First Month Of Driving Remains The Most Dangerous For Teens

First Month Of Driving Remains The Most Dangerous For Teens

First Month Of Driving Remains The Most Dangerous For Teens

The AAA Foundation for Traffic Safety recently released a new study showing that teen drivers have the highest risk for crashes during their first month on the road. This drops by 50% once they have a year of experience. A number of teen drivers in North Carolina had their driving patterns and crashes analyzed. Three common mistakes were found that caused nearly 60% of the accidents during the first month after receiving their license. Teens were having problems reducing their speeds, failing to yield properly and not paying enough attention to the road.

Crashes involving left hand turns are also caused by inexperience, as these accidents dropped drastically as teens became more experienced drivers. Since these accidents dropped so quickly in the 2nd and 3rd months of driving, it is believed that parents can help prevent these crashes through better education. Other types of accidents are just as likely to occur after a year or more of driving, making them behaviors that a teen can only learn through years of practice.

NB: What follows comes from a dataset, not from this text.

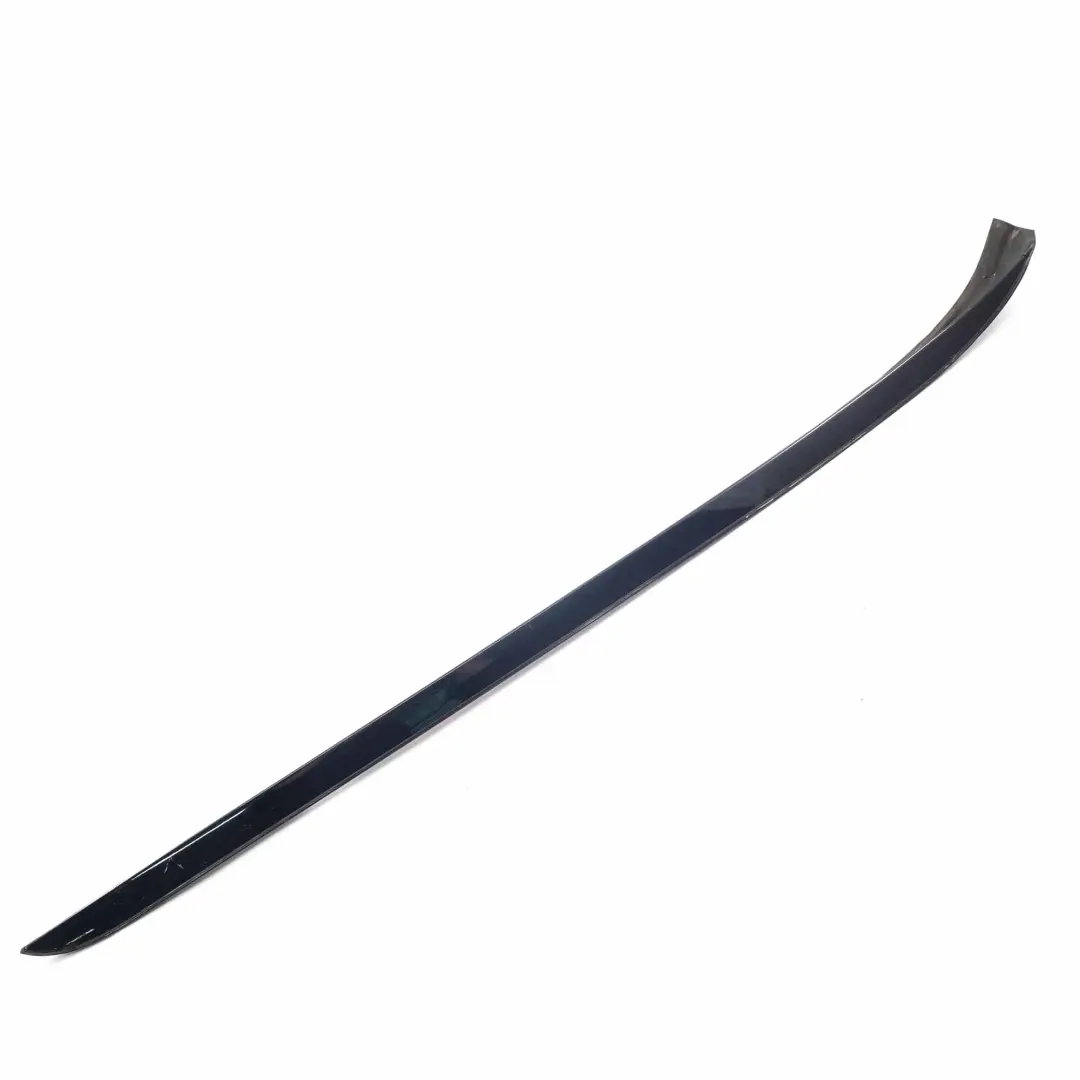 Striscia Parabrezza Anteriore Destro Pannello Copertura Monaco Blue A35 per BMW E90 con numero di parte 0034044 BMW E90 Striscia Parabrezza Anteriore Destro Pannello Copertura Monaco Blue A35 - SKU 0034044-MB - Numero di parte 0034044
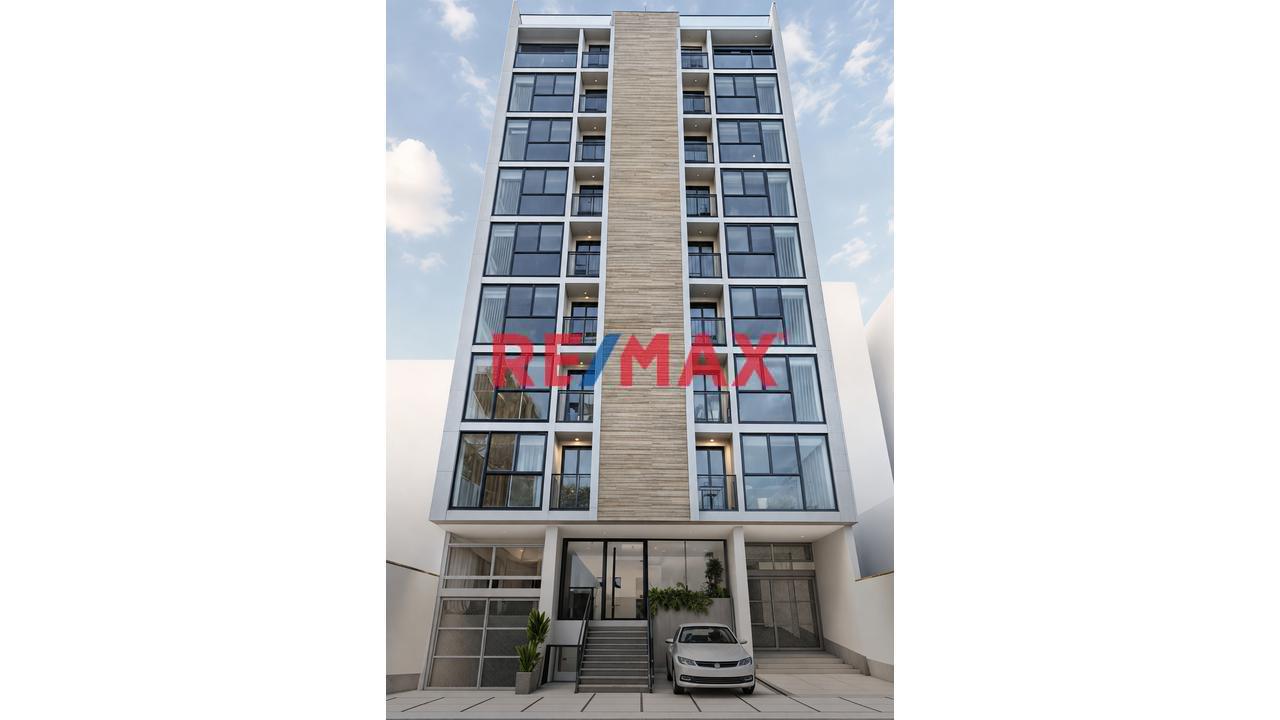 Departamento Duplex En Venta - 1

Parents can help their teens become better drivers even after they are awarded a driver’s license. The in-car cameras used for the study demonstrated that some teens texted while driving or were distracted by passengers. Setting strict rules on passengers and cell phone use while driving can prevent accidents caused by these distractions. Night driving should also be limited for the first few months of a new driver as the low visibility makes navigating more dangerous. If you don’t feel comfortable with your teenager driving in certain weather conditions or in certain areas with bad traffic conditions, don’t be afraid to set boundaries and enforce them. Once your teen has a few months of experience they’ll be much better equipped to deal with difficult driving conditions.